We were also lucky enough to be able to view a short that Gilliam had just finished, The Wholly Family, about a family travelling in Naples and the fantasy fever dream that the son falls into. It was trippy and silly, slightly frightening and overwhelming – everything you would expect from a Gilliam film. Unbelievably, this is his first short.

 

 

 

I was able to meet Terry briefly, get a picture with him, and ask him to program at the New Beverly. He said he heard about the theater from Edgar (thank you, thank you, Mr. Wright) and took my card. Everyone please keep your fingers crossed that I hear from him. I think I could pretty much die happy if he programmed at the theater. 

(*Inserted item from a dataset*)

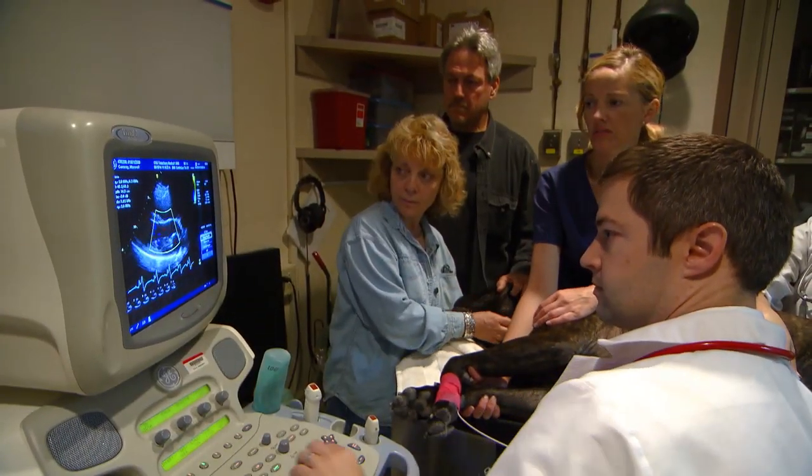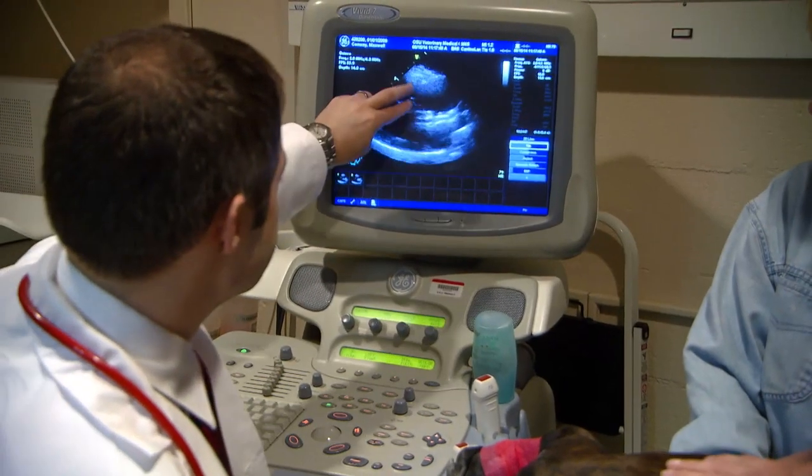Maxwell's condition is an atrial septal defect. He has a defect in the upper chambers of his heart that allows the flow of blood from one side to the other that should not occur. There aren't good medical therapies because this is a hole in the heart, and a medication isn't going to fix that.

I hope that Terry Gilliam continues making films for a long, long time. I hope he never sells out and makes “commercially viable” films, but continues to follow his heart and make the films that he wants to. It’s somehow fitting to me that some sort of disaster almost always nearly destroy the making of each of his films – because like the anti-establishment characters he loves so much, he is able to beat the odds,  stand up and continue on, somehow. While it may seem to him now that God is standing in his way, I think that the man upstairs must know what he’s doing when all of his roadblocks produce such fantastic cinema.